There are times when a headset - headphones with a boom microphone attached - is the most convenient way to operate using SSB. But ham radio headsets can be absurdly expensive, and are often uncomfortable to wear, like some World War 2 relic.

Previous attempts to find a headset that would work with my Elecraft K2 failed, due to the insensitivity of the K2's VOX (which the output from the headset mic was not enough to trigger) or because of RF feedback due to poorly screened leads. Elecraft itself offers the Proset-K2, an Elecraft-badged version of a Heil product, but that certainly fits my description of "absurdly expensive", while postings on the Elecraft mailing list suggest that it may not be immune to the problem of too-little audio output either.

pic I recently purchased a Plantronics Gamecom 1 headset, and I decided to try this with my K2. The Gamecom 1 is an attractively designed and comfortable headset. The headphones have good audio response. The microphone has a built-in muffler, and is easy to move into position, but when not required - for listening or when working CW - it folds up and out of the way.

There is a switch in the microphone lead, but this simply disconnects the microphone - it is not suitable for use as a press-to-talk switch. The headset is normally used in conjunction with the transceiver's VOX mode, so the switch is useful for muting the mic and preventing accidental triggering of the VOX.


The headset is equipped with two identical 3.5mm stereo jacks for connecting to a computer sound card. Learning from previous mistakes, in which I spoiled a headset by cutting off the microphone jack and connecting it directly to an 8-pin plug, only to find that it did not work satisfactorily with the K2, I used a line 3.5mm jack socket to make an adapter. This way, I could retain the use of the headset with a computer, perhaps for use with my remote control software K2Net.

My K2 microphone socket is wired to the Elecraft standard, so I connected the ground to pin 8 and the audio to pin 1. To help prevent RF feedback I also wired a 1nF capacitor across these two pins, to decouple any RF that might be present.

The microphone element in the Gamecom 1 is an electret type, so a DC bias is required. The K2 provides 5V output to pin 6 (assuming that you made this connection when building the transceiver) and so the bias is supplied via a 1/8 watt 3.3K resistor connected between pin 6 and pin 1. This value is not critical or even scientifically determined - it was simply the first one in this range that I found in the junk box!

The headset cable is very long, so I made an RF choke by tightly coiling several turns of the cable near the connector.

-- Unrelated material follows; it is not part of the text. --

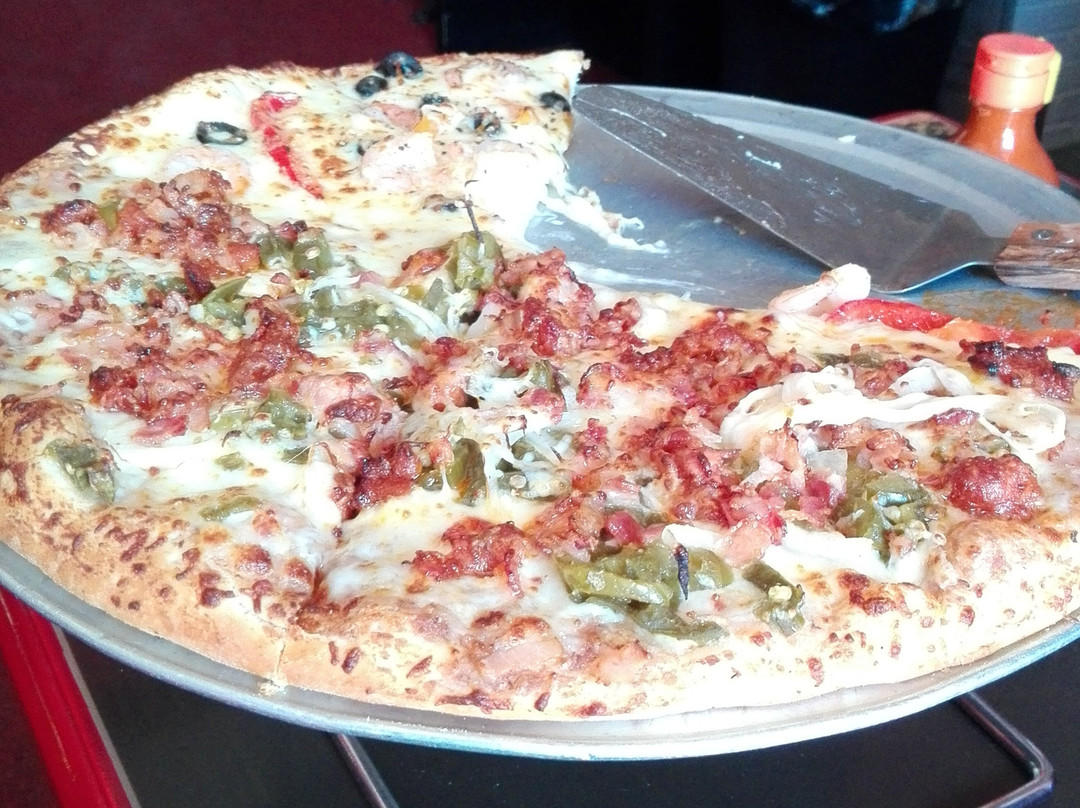 Dolores Hidalgo餐馆和美食-Nana Pancha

I have to say that I didn't try to use the Plantronics headset without this RF choke or the decoupling capacitor, so I don't know whether they are actually necessary to prevent RF feedback into the radio, but previous experiences suggested that some attention to RF filtering would be a good idea.


The results were extremely satisfactory. The headphones are comfortable to wear and provide very satisfactory listening. The microphone provides ample audio output to trigger the K2's VOX and deliver sufficient audio to fully drive the radio. The audio quality isn't quite as clear as when using my desk mic, but it is perfectly acceptable for contest or pile-up use - the typical situation for using a headset. I normally use most sensitive input setting and the 3:1 compression setting, giving the punchy audio that has always enabled the K2 to "punch above its weight" and get the kind of reports one would expect from a 100W rig.

Although I only operate at QRP power levels, with a maximum of 10 watts, I am using an indoor antenna farm located directly above the ceiling of my top-floor office /shack, so there is a lot of RF floating about. RF feedback has often been a problem with various items of equipment. However, after performing tests using 20m, 10m and 6m I could not detect any signs of RF interfering with the audio, with the headset connected as described.


The Plantronics Gamecom 1 makes a comfortable, attractive, effective and inexpensive headset for the Elecraft K2 transceiver. Doubtless it would work with other transceivers, and doubtless other good-quality computer headsets would work with the Elecraft K2, but a certain amount of luck may be needed to find one. Why pay three or four times as much for a "ham radio" headset when a readily available computer headset works just as well?